TLCMap Recogito Get Started Guide

Pelagios Recogito have a 10 Minute Tutorial but here are a few quick basics, and information about the new TLCMap features for handling Corpora (in Folders), adding places not already in the gazetteer, time attributes and more export options for use in other systems.

TLCMap adds functionality and enhancements to Recogito that we see as essential. This is done on our own Recogito set up, seperate to the main one. We anticipate these two will be merged back together in time, without losing your data. In the mean time, use the TLCMap instance if you want to:

Key terms

Basics

This step by step guide describes a basic common task of identifying places in a text using recogito, from beginning to end.

Recogito is open source software produced by Pelagios. The TLCMap development team is working on a seperate version to add new features. These will all be incorporated back into the main version when the project concludes. You work will be retained.

Create Plain Text File

Add File To Recogito

Auto Detect Place Names

Correct Placenames in Text

View Map

Backup And Archive Work

New TLCMap Features - Corpora, Additional Places, Export Options

To Create A Corpus

Files in a folder can be processed as a corpus. This is useful where you have a large amount of small text, such as 100 newspaper articles, that you can process all at once, and regard as a whole.

  1. Log in
  2. Click the blue '+New' button to create a folder (eg: I have each chapter of Watkin Tench as a text file, so that I can attach a date to each chapter, so that I can see patterns of change in places mentioned by chapter over time, and I want to treat them all as a corpus, so I call my new folder 'WatkinTench'.)
  3. Ensuring you are in the folder, by checking the breadcrumbs at top of the page(eg: 'My Documents > WatkinTench'), drag and drop your text files on the page.

Add Metadata To Files

Document metadata will be exported in your results. This can be useful for further analysis or display in other systems.

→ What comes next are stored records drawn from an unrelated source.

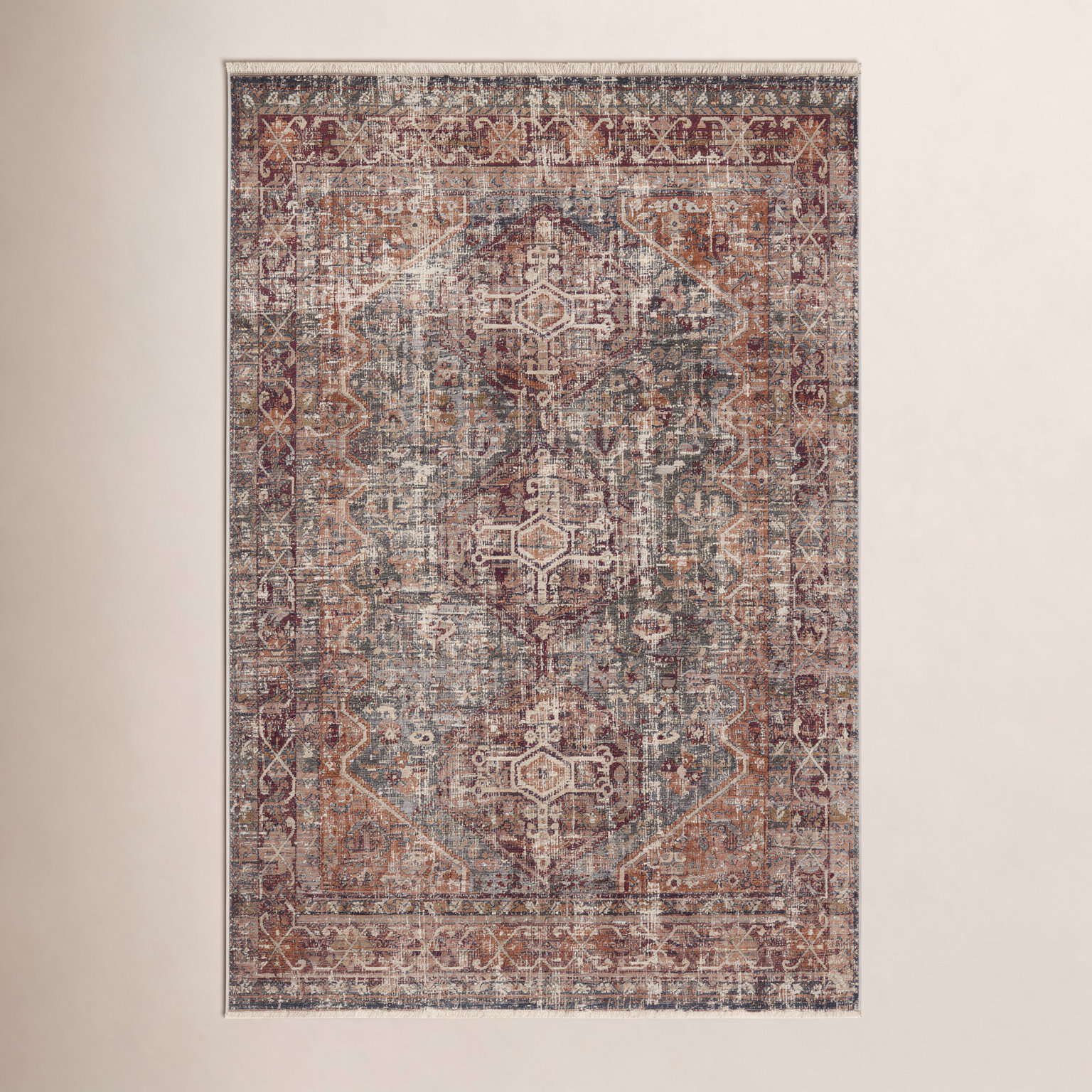 Clemente Red Blue Brown Oriental Rug, Rectangle 10' x 14'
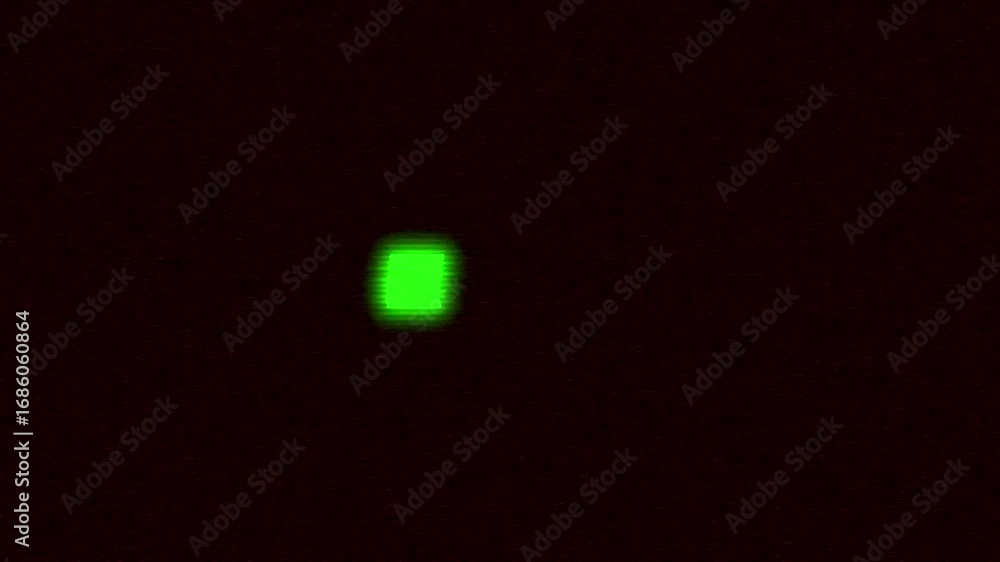 Poster green loading icon symbol glowing animation on black background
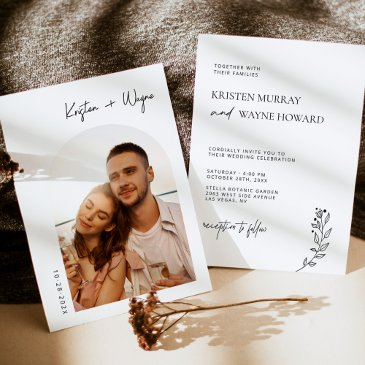 modern minimalist with photo wedding invitation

  1. To edit the metadata for a file, double click the file if it is not already open, so that you can see the text.
  2. Click the spanner and screwdriver icon at the top to see the 'Document Settings', edit and save.
  3. If you have a large corpus of texts you can upload a CSV spreadsheet of metadata. This can be handy if you have many texts, such as 100 newspaper articles with dates and publication information, etc. You might have these in Excel already, or find it faster to do the data entry in Excel (in Excel, simply 'save as' and choose CSV as the file type).
  4. Go to the folder that holds your corpus and click 'Download CSV metadata'. Now you have a spreadsheet you can open in Excel in the right format to fill out.
  5. Fill in the data, perhaps copy and pasting from some other source.
  6. If you are not sure of valid values for some columns such as 'Licence', set it manually in the Document Settings and export, then copy that value.
  7. For StartDate and EndDate two formats are allowed: dd-mm-yyyy (eg: 1867-03-27) or dd/mm/yyyy (eg: 27/03/1867) This is because Excel sometimes auto 'corrects' the format. TIP: always double check Excel is not converting your dates to US format which might treat dates such as January the 4th as April the 1st).
  8. Click the button to upload the CSV.

Identify Places

Note: NER will be performed on any file you have highlighted. Keep in mind that this may overwrite any manual changes you have made. In the first instance you probably want to do the whole corpus, but if you add another file later, you probably want to only select that file.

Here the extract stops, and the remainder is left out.